Memory and trauma

Several studies have attempted to decipher the role of trauma, or an intense emotional experience, in coding, storing and retrieving memories Is there a relationship between memory and trauma?Do traumas leave a smaller or larger footprint than ordinary memories, or are they equivalent??

There are several positions that support both arguments. Some argue that traumatic experiences are treated differently from the most common memories, these mechanisms create a deteriorated memory that is difficult to recover.

  • On the other hand.
  • Others argue that stress does not change the quality of these memories and that they are treated in a very similar way.

The defense of these positions was based on laboratory studies, the traumatic condition is very difficult to reproduce in a controlled and safe situation.

As a result, have studies been conducted with patients with post-traumatic stress disorder?PTSD? Whose rooted trauma seems appropriate to discover how memory and trauma relate.

PTSD can be defined as the abnormal response with which some people react to a traumatic, devastating or painful experience, classifying it as abnormal can be a mistake, as we are talking about reactions from normal people to unusual situations.

The inability to cope with this experience leads the person to experience intrusion symptoms associated with the same event.

Can these symptoms be recurrent painful memories, dreams or nightmares, dissociative reactions?What can lead to a loss of consciousness of the present?Psychological discomfort and avoidance of everything related to this experience and intense physiological reactions.

The most common causes of NATURAL disasters related to PTSD?Floods, earthquakes or tsunamis?, accidents and diseases. However, there is one type of event that generally has rates of 70% to 80% PTSD development: human atrocities. This category includes assaults, terrorist acts, sexual abuse and rape, concentration camps.

One of the diagnostic criteria included in the DSM-5 to determine if a person has PTSD is the inability to remember the relevant aspects of the traumatic event.

This can be defined as dissociative amnesia, and although memories are not stored, they can change behavior.

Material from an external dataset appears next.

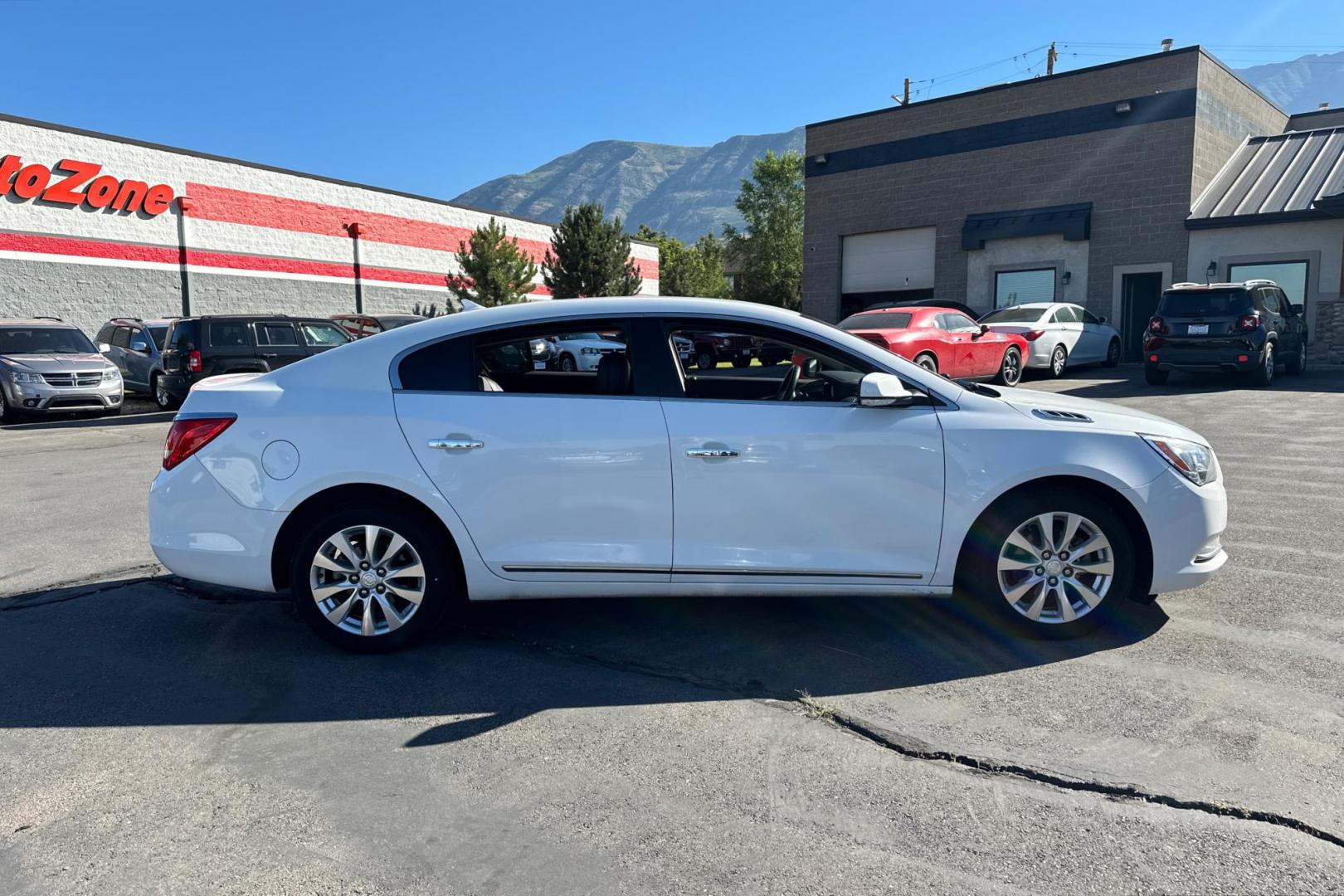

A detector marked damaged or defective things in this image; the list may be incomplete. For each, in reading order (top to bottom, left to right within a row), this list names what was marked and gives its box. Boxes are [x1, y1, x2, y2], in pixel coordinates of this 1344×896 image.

parking lot crack [813, 700, 1341, 856]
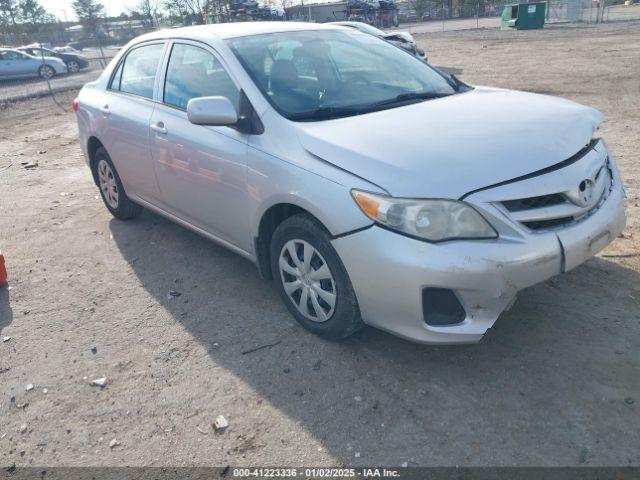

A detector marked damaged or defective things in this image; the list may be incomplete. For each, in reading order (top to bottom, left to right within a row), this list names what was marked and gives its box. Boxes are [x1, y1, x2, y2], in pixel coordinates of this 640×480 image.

damaged front bumper [332, 146, 624, 344]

For example, even if a girl doesn’t remember how she was sexually assaulted in a bathroom, she can behave in a way that avoids public restrooms and can even feel very bad when entering the bathroom of her own home.

Among the main symptoms of PTSD, and also one of the most limiting, are emotional avoidance and bottling, overactivation, dependence and invasive memories.

By focusing on the latter, people who have experienced a traumatic experience may be conditioned on reviving the traumatic situation through nightmares, intrusive memories or flashbacks.

This is not to say that the person’s memory is not lacking, as they may not remember certain aspects of the event; In turn, other details or scenes can return to memory with brilliingness, the problem with this is that reviving is uncontrollable and inevitable. for the individual.

Keep in mind that while intrusive memories are actually memories, flashbacks are not. With flashbacks, temporality is lost, because the individual feels he is living everything again.

Does this happen in the presence of neutral stimuli?stimuli that do not condition the person in aversive or pleasant way?triggering flashback.

For example, a person who was the victim of a terrorist attack may have a flashback when he sees a blue cloth wrapped around a man’s neck, because the mall where he was on the day of the event had walls of that color.

Therefore, flashbacks are not just a memory lived with anguish, they are the rebirth of the traumatic emotional experience and involve thinking that everything happens again.

Therefore, in patients with PTSD, we can find several effects on memory.

Can excess hypermnesia occur, when trauma is characterized by intrusive memories, flashbacks and nightmares, or amnesia?For lack of ,, when there is disorganization of memory, fragmentation of memories and total or partial forgetfulness.

The two can coexist, depending on the forgotten aspects, the living aspects, or the nature of the trauma.

Memory and trauma seem to be related to autobiographical memory, autobiographical memory is part of explicit memory and allows us to remember the events of our lives and the world around us.

What makes it possible to have a logical discourse of life and a development from our memories is exactly the memory.

Thus, since traumatic memory is not a coherent story, unlike memories of autobiographical memory, studies seem to find the problem in this memory system.

The memory of trauma is broken, fragmented and even seems separate from the individual’s history, when these memories are beyond the person’s control, seem to be invasive and intrusive in relation to autobiographical memory.

The answer to this question, in relation to memory and trauma, is yes, it seems that with the differences between the two types of memories, the presence of the action of special memory mechanisms is evident in situations of high stress.

Some of the most relevant aspects of traumatic memories are

In the case of ordinary memories, everything seems to change:

From all that we’ve mentioned above, it seems that a very strong emotional experience, a source of stress, can automatically influence how information is encoded, stored, and retrieved. Pierre Janet stated in 1904:

“Extremely terrifying experiences cannot be equated with a person’s common beliefs, assumptions, and meanings. In this case, will they be stored differently, dissociated from conscious experience and voluntary control?”